> Data provided
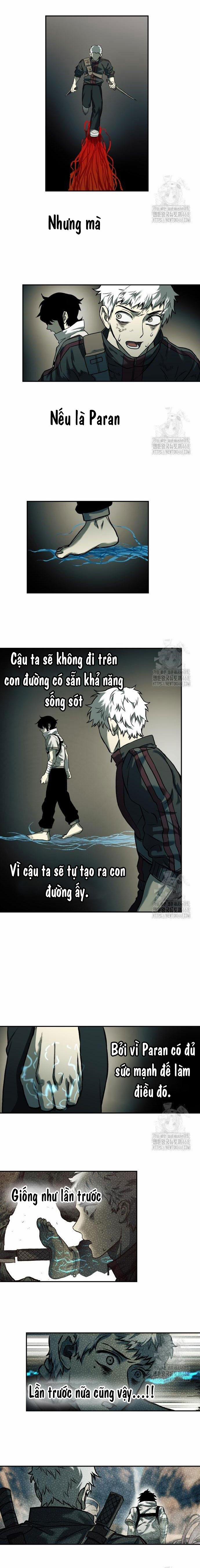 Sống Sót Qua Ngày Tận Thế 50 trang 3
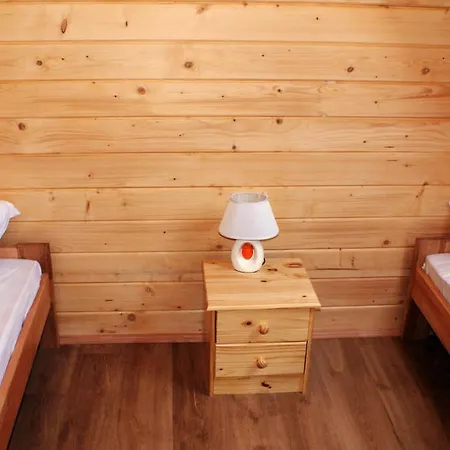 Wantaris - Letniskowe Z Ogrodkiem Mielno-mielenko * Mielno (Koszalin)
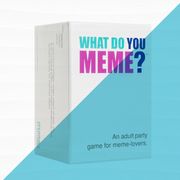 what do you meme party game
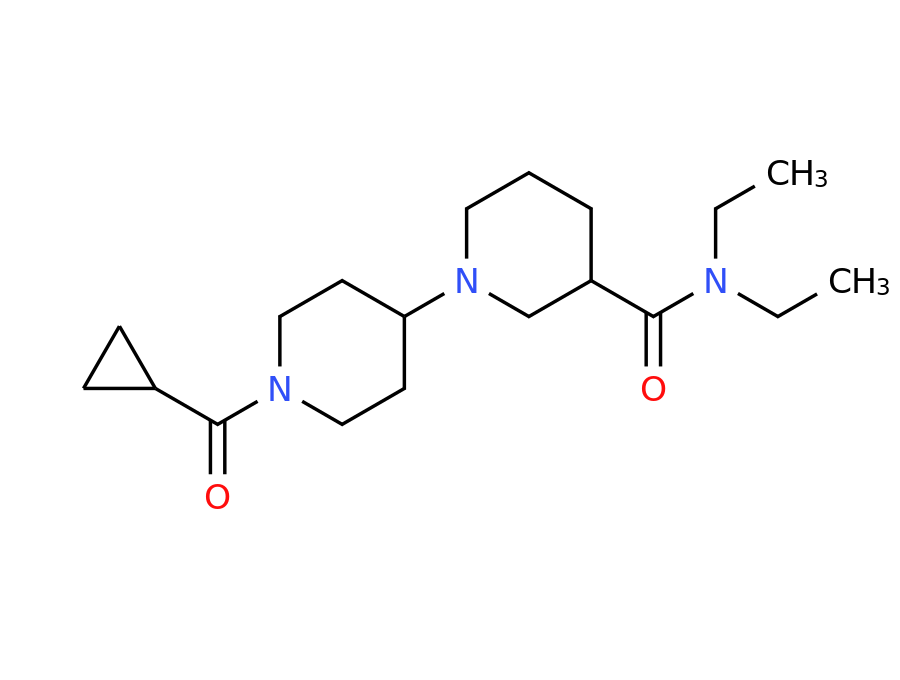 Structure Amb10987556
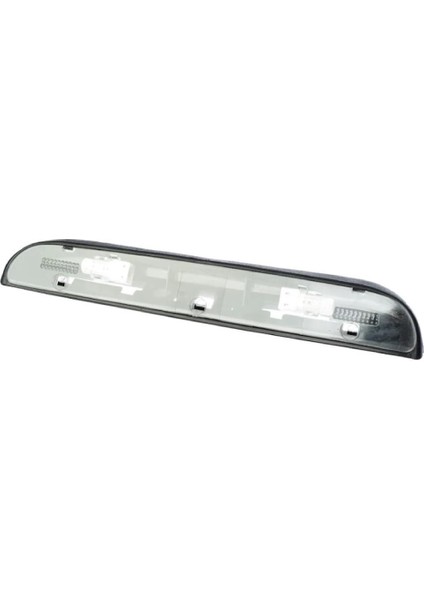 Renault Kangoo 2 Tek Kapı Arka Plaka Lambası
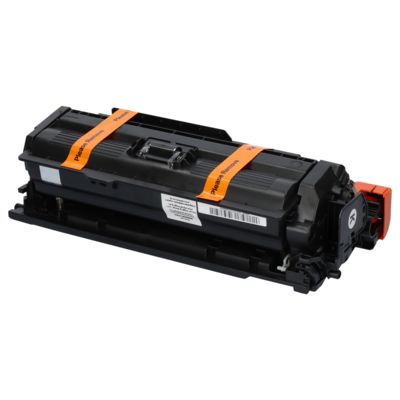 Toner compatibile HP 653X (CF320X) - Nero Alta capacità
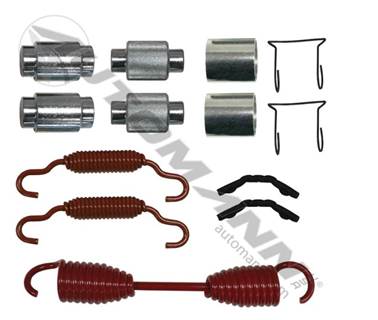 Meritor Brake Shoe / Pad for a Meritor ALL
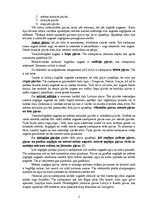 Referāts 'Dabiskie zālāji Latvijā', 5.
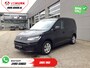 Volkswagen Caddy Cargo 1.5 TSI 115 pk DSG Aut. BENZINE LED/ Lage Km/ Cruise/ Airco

> Aim of the exercise
Would you print, exactly as they appear, the lines from the line with "Toner compatibile HP" through the end of the entries above, leaving out the pictures?

> Exercise result
 Toner compatibile HP 653X (CF320X) - Nero Alta capacità
 Meritor Brake Shoe / Pad for a Meritor ALL
 Referāts 'Dabiskie zālāji Latvijā', 5.
 Volkswagen Caddy Cargo 1.5 TSI 115 pk DSG Aut. BENZINE LED/ Lage Km/ Cruise/ Airco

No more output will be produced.